The Mundredi are picking up weird notions of honor, Denario heard Vir's voice in his head. But it's honor we can't afford.
Denario felt more alien than ever in the throng of two sets of town leaders. He couldn't wait to leave the farmlands behind. He stuffed the coins and scroll into his travel pouch, thanked the burghers and everyone else around him several times, and tried to make his way down the road. Valentina had said he should lead the way, after all.
The mayor grabbed him before he could escape.
“We've been a bit hard on you,” she said as she held him by the elbow. “But it's been a tough year on us. Try to understand.”
Denario wanted to scream that he did understand. How did anyone think he could fail to see the rail-thin children?
“You haven't been paid enough for explaining those maps. And the readings. And you wrote a letter to Vir, I heard, along with letters to a woman named Olga, a woman named Senli, and a woman named Pecunia. You left payment in meat and in copper for a caravan to take it the other way. Now you're taking messages southward for us, too. So are Hermann and Valentina, of course. But they've been paid.”
“You've been very good to me. You gave me a letter of transit.”
“Shh. We don't have any more broken brass, you know. But I do have a few things. I want you to take this.”

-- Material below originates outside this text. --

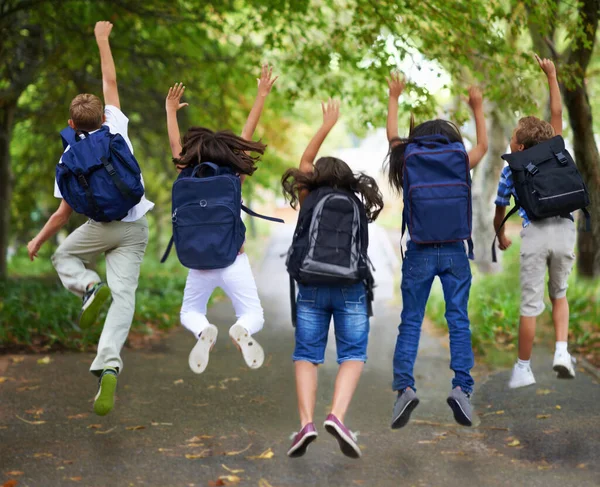Voorjaarsvakantie. Achteraanzicht van opgewonden schoolkinderen springen op een rij. — Stockfoto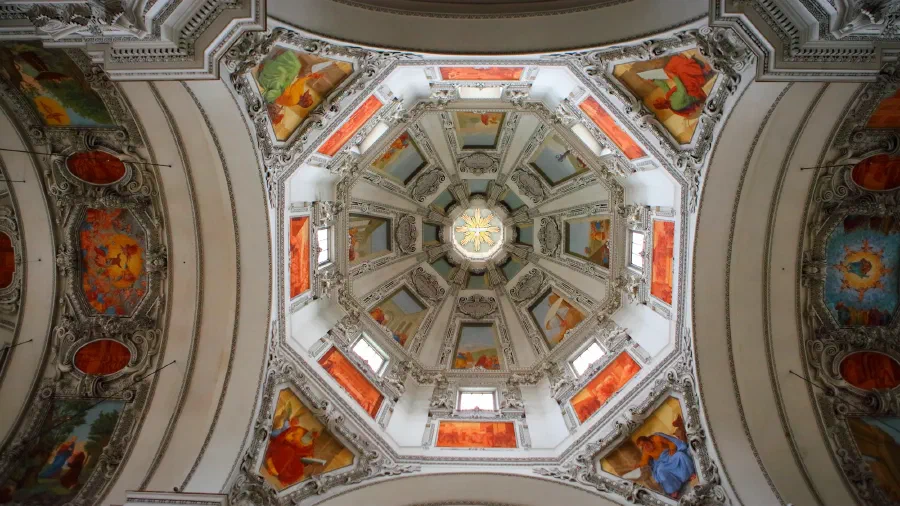 Octagonal baroque cathedral dome seen from below, frescoes and windows ringing a dove at its center.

She pried the fingers of his fist apart without much effort and sneaked a trinket into his palm.
“It's just a token of my family. It may help you if you show it off in some places although not as much as the coin around your neck. The main thing is, it's silver. If you need to, you can sell it.”
“I wouldn't ...”
“Shh. When you get to Ruin Thal, you can give it to my cousin's cousin there. He's a shopkeeper, name of Udo Vogel. He'll make good on it, see, so it stays in the family.”
“Mayor Richter! Ilse, I ... I'm honored.”
“Of course you are. Because you're a good boy. I can spot the good ones from miles away, you know. The bad ones, too. It's the in-between ones like Wilmit who give me fits.”
“I've done some bad things ...” he began to confess. Of course, she'd heard the stories from him already minus the magical parts.
“Shh,” she said again. She patted his hand. “You've done what you needed to do to stay alive. Now I want you to keep my Valentina alive, too. Promise me that you'll do your best.”
“I do. I mean, I will.”
“Good. Wilmit and his men will see you on your way.”